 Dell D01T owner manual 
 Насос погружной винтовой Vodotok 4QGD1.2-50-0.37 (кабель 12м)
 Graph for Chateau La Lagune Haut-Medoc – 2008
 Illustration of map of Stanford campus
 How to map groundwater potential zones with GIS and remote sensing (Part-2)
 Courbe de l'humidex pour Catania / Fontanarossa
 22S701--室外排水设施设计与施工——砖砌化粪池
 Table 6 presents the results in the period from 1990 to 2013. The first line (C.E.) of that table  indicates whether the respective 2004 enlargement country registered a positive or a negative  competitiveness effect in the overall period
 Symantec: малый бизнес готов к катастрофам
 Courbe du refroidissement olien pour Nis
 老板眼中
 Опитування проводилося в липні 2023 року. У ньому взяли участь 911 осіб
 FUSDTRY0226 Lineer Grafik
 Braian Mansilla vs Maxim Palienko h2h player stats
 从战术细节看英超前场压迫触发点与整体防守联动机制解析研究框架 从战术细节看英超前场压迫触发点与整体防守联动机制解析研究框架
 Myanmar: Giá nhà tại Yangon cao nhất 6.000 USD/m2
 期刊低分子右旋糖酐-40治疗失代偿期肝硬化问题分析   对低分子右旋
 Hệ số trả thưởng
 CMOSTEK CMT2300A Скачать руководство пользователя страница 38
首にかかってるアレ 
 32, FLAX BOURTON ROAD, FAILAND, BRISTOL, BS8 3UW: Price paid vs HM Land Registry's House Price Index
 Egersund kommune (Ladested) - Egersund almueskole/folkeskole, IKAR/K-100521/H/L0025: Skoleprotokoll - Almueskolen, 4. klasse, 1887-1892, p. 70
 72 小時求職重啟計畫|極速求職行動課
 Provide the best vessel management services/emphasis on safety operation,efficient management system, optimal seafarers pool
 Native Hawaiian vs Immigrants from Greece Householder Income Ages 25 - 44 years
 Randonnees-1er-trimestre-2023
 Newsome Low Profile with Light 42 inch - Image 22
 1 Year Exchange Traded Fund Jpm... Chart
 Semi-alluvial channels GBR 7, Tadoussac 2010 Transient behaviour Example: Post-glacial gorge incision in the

**What the exercise asks**
The lines to copy are those in the listing that contain the word "Courbe".

**Answer to this exercise**
 Courbe de l'humidex pour Catania / Fontanarossa
 Courbe du refroidissement olien pour Nis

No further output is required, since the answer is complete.